The most successful Rohrbach design to which Tank contributed was a three-engine airliner for Lufthansa, the Ro VIII Roland I. (Throughout his life, he would insist that air transport, not air combat, was his mission.) Tank designed a fully enclosed cockpit canopy for the two-man crew—not for their comfort but because the glazing smoothed airflow over the wing center section and contributed to the Roland’s admirable performance. Lufthansa rejected the canopy, since this was still a time when pilots believed they needed to feel the airflow on their cheeks to know if they were yawing or flying coordinated turns. But when crews started flying chilly routes across the Alps, they insisted on having Tank’s “glass roof” returned.

In January 1930, Tank—fed up with flying boats—went to work for Willi Messerschmitt as director of the Projects Department at Bayerische Flugzeugwerke. It was a relationship that would last little more than a year and half, however, for like a racecar engineer intent on making a car just strong enough and no stronger, Messerschmitt worshipped at the altar of ultralightness. The pilot in Tank disagreed with this approach. He was increasingly interested in designing tough, all-metal aircraft with high wing loading—a path that at the end of 1931 took him to tiny Focke-Wulf as director of both the Design Department and flight testing.

Many sources claim that Tank came to Focke-Wulf from a job at Albatros, the German company of World War I fighter fame, but that’s not true. The confusion apparently stems from the fact that Focke-Wulf and Albatros merged soon after Tank’s arrival. His initial work at Focke-Wulf involved flight-testing a number of designs inherited from Albatros, some of which were then re-engineered and modified to attain Tank’s strict requirements for control lightness, stability and ease of flying, particularly during takeoff, landing and stalls.

Tank had his first serious crash while flying an Albatros L 102 trainer, which he coaxed into aileron flutter during a dive. Oddly, rather than cutting power and nosing up, which would have instantly stopped the flutter, he continued to dive for the runway, “keeping the speed from dropping off as much as possible,” as he later wrote. When the wing came apart a short distance above the runway, the 102 crashed heavily. Tank was somehow uninjured.

Focke-Wulf’s Fw-44 Stieglitz—the “German Stearman”—was the airplane that solidified the company’s reputation, for it became the Luftwaffe’s primary trainer and sold by the hundreds throughout the world. A two-seat, open-cockpit biplane with a 7-cylinder Siemens radial, it was very much in the Waco/Stearman mold. Tank was only peripherally involved in the engineering of the Fw-44, since the project was already underway when he arrived at Focke-Wulf, but he is sometimes credited with its design. (Like many famous aircraft designers, Tank often receives credit for types that he only supervised or perhaps roughed out for others to engineer and refine, though he’d have been the first to admit it. He would later say of the Fw-190 that it was a team effort, adding, “I daresay a really good designer could have produced such a fighter all by himself, but it would have taken about eight years, and at the end of that time, nobody would have been the least bit interested in it.”)

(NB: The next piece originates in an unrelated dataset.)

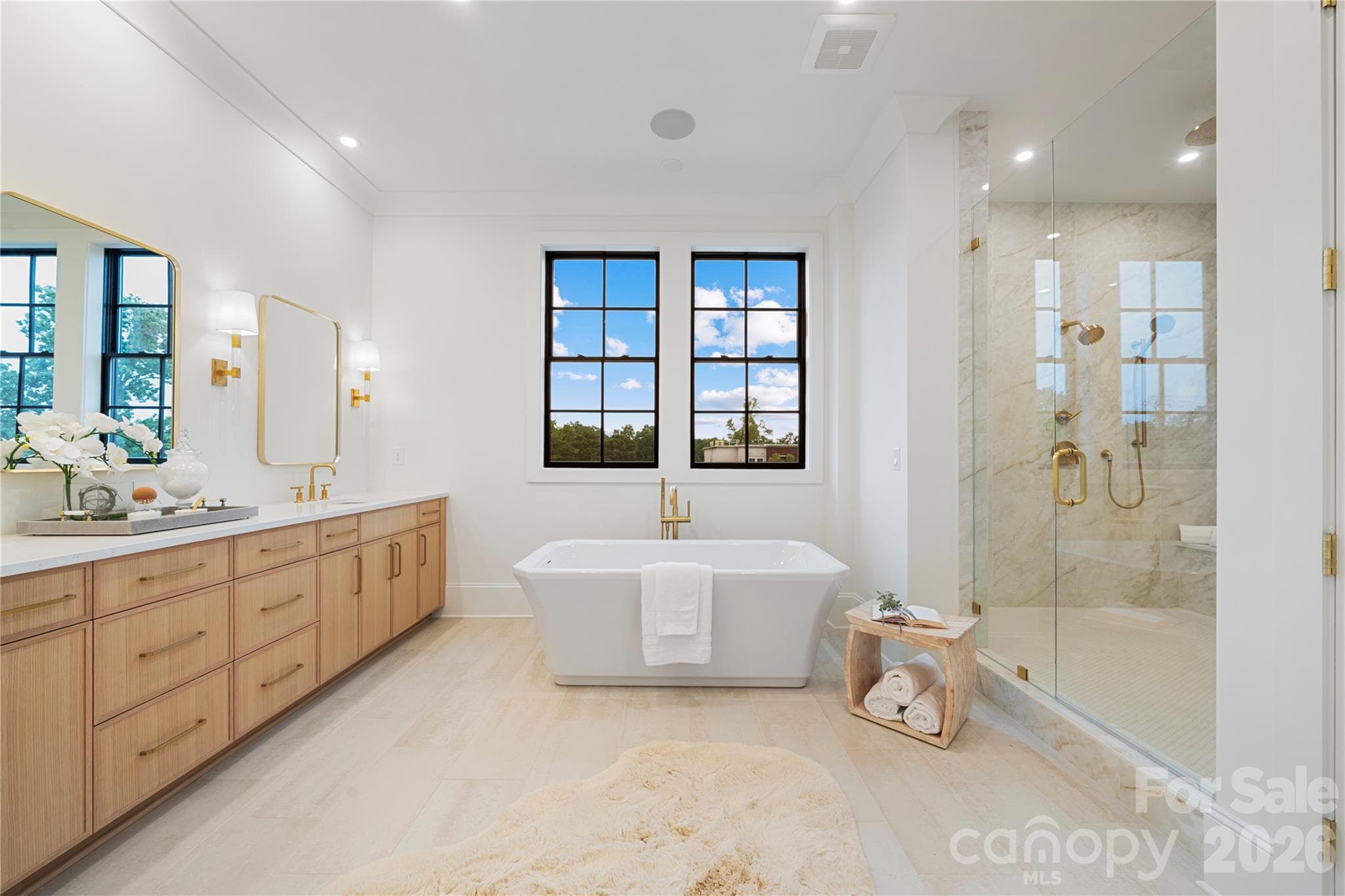 The spa-inspired primary bath provides a freestanding soaking tub, custom dual vanity, natural stone finishes, a goergeous double-wide viewing window and an extraordinary glass-enclosed shower. - 409 Queens Road, Charlotte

In 1933 Tank realized that with the Nazis solidifying their power and pushing Germany toward a modicum of prosperity, the time was ripe for moving Focke-Wulf away from its tradition of strutted, tube-and-fabric sport planes and toward sophisticated metal monoplanes, perhaps even the long-range airliner that he had envisioned. And fortuitously at this point Tank was named the company’s technical director.

Focke-Wulf’s first modern, all-metal airplane was the Fw-57, an early example of the Luftwaffe’s fascination with fast, powerful twins. (Tank again actually had little to do with its design, but he served as the primary test pilot.) Powered by two Daimler-Benz V12s, it was intended to be a multipurpose ground-attack bomber, fighter escort and reconnaissance plane, though at 15,000 pounds gross weight it was too heavy to perform or maneuver well. The next Focke-Wulf twin, the far lighter and more efficient Fw-58 Weihe, did far better. Looking a bit like a Teutonic de Havilland Comet, the Weihe stayed in production until the end of WWII as a trainer, air taxi and liaison aircraft.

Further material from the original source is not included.